Yo solo apunté a sugerirle que escribiera libros, porque son más trascendentes en el tiempo que los reportajes periodísticos y ella me dijo que eso era precisamente lo que estaba considerando. Como prueba de su habilidad, me contó que había investigado sobre mí, desde que me dio el papel hasta que llegué a la cita y en esas pocas horas pudo recabar mucho sobre mi vida, hasta casi asustarme. Ella apuntó que lo hizo como un experimento, porque encontró que por ser mujer la gente no espera nada de ella; le cuentan cosas con sólo preguntarlas, porque minimizan sus capacidades y logró recabar la información sobre mí, apelando a lo que llamó la ceguera machista predominante, es decir, no esperan mayor cosa de una mujer y si ven algo interesante en una mujer lo minimizan, lo ignoran o lo destruyen en lo real o en lo simbólico. Contundente resultó Svetlana y me sentí agradecido por haberme conectado con este vital ser que intuyó en mí una perspectiva humana y logró conectarse a un nivel muy especial a tal punto que por algún tiempo fuimos amigos por correspondencia. Esto duró hasta que sus innumerables viajes la ocuparon demasiado y hasta que la correspondencia ya no era un medio seguro de comunicación porque la histeria colectiva y la paranoia de los gobernantes persiguiendo capitalistas o traidores se diseminó, haciendo sospechosas hasta las amistades entre los habitantes de la madre patria Rusia.
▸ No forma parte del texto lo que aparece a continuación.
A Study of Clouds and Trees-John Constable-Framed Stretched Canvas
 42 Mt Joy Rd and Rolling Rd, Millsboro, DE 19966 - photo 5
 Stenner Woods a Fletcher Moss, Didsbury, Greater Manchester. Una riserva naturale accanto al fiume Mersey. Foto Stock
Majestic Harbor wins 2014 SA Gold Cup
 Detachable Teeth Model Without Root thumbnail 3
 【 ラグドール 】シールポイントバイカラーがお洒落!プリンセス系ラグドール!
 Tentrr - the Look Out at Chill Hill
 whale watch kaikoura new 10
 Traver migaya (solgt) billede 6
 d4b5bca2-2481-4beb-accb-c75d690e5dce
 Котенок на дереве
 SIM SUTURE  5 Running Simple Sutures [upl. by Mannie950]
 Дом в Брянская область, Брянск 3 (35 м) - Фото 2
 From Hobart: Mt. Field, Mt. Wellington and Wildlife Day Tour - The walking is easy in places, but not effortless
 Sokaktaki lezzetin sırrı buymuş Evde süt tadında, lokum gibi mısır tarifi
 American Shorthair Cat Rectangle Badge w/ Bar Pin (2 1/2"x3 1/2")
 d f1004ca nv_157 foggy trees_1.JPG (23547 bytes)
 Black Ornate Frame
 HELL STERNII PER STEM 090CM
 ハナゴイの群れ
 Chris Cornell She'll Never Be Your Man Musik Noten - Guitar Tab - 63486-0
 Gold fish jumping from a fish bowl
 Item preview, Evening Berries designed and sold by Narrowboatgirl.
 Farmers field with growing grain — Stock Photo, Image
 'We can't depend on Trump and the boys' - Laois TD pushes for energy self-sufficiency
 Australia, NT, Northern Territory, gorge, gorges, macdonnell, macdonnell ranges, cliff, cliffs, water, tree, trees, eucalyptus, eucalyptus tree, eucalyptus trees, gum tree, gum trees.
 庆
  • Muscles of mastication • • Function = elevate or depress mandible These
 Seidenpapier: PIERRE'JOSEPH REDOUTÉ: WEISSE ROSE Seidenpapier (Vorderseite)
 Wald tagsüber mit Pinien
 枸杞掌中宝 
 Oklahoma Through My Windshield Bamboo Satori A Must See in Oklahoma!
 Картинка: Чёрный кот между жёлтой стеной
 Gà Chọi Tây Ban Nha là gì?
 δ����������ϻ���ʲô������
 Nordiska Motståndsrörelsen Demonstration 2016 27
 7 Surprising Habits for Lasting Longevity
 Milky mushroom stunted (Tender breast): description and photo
Finalmente, nuestras vidas continuaron y recién ahora que tengo esposa, hijos, nietos y dos bisnietos, el mundo va a conocer a mi amiga, conocida por todos como Святлана Аляксандраўна Алексіевіч quien recibió un justo premio nobel que destaca por muchas razones: es tan sólo la décimo cuarta mujer en ganar este Nobel en más de 100 años, y hace más de 50 que no ganaba un escritor de no ficción, así como es la primera periodista en hacerlo. No me cabe duda de sus capacidades y méritos. Para mí es esa mujer que me descubrió en un segundo y que estuvo ligada a mi vida hasta la fecha, pese a que ya no nos escribimos ni hablamos, pero estoy seguro que si nos encontramos será como aquella primera vez, algo mágico y trascendental porque no es sencillo encontrar una amiga como la mía; Svetlana, se llamaba, y ahora espero que todo el mundo conozca su lucha, su obra y su importancia.